What the task requires is an exact printout of the listing below, pictures excluded.
------------------------------------------------------------------------
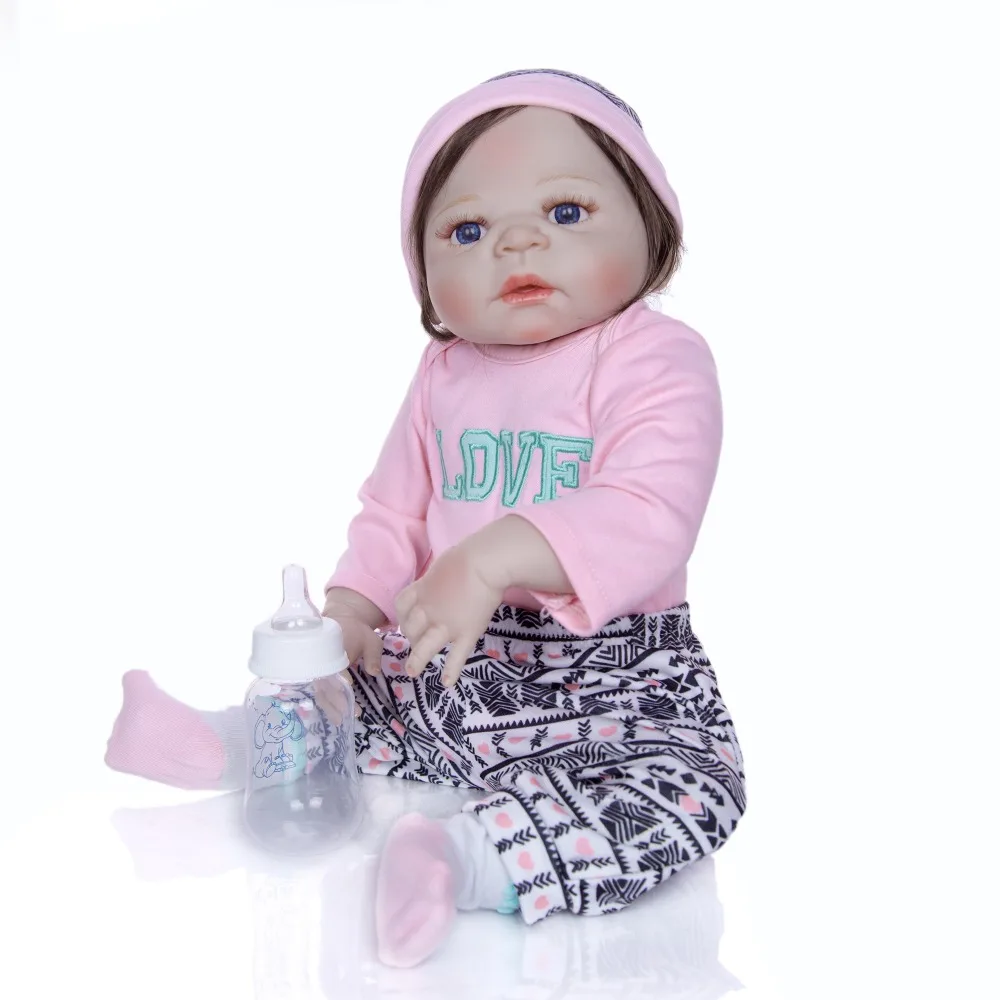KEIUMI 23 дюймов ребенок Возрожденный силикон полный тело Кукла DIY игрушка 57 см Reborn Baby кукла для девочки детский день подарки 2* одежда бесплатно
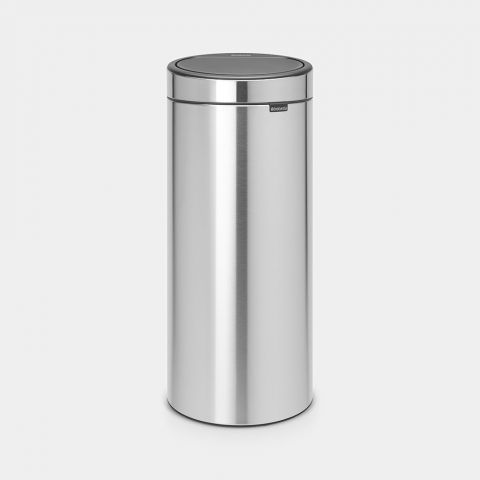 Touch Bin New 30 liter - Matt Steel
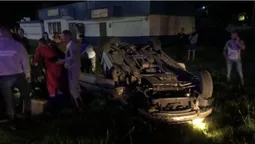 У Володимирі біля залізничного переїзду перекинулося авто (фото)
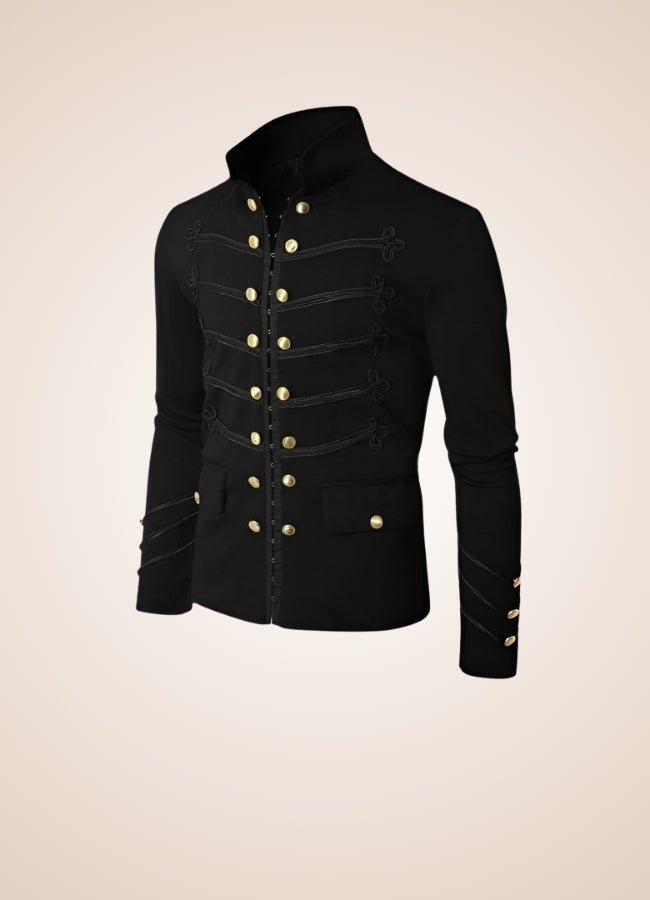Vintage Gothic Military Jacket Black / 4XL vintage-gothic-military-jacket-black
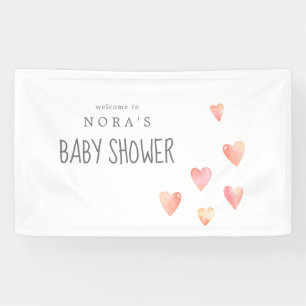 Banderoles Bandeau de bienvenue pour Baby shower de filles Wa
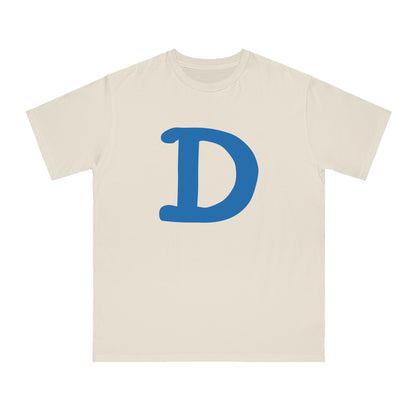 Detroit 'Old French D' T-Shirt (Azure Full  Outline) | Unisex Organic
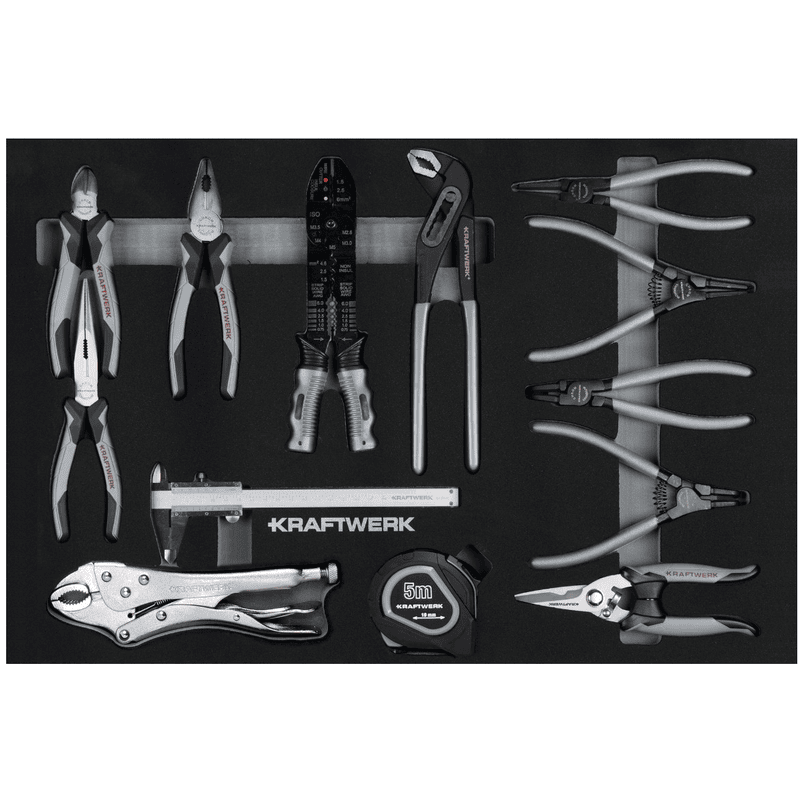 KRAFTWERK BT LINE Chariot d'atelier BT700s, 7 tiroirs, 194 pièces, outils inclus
------------------------------------------------------------------------
Completed exercise:
KEIUMI 23 дюймов ребенок Возрожденный силикон полный тело Кукла DIY игрушка 57 см Reborn Baby кукла для девочки детский день подарки 2* одежда бесплатно
 Touch Bin New 30 liter - Matt Steel
 У Володимирі біля залізничного переїзду перекинулося авто (фото)
Vintage Gothic Military Jacket Black / 4XL vintage-gothic-military-jacket-black
 Banderoles Bandeau de bienvenue pour Baby shower de filles Wa
 Detroit 'Old French D' T-Shirt (Azure Full  Outline) | Unisex Organic
 KRAFTWERK BT LINE Chariot d'atelier BT700s, 7 tiroirs, 194 pièces, outils inclus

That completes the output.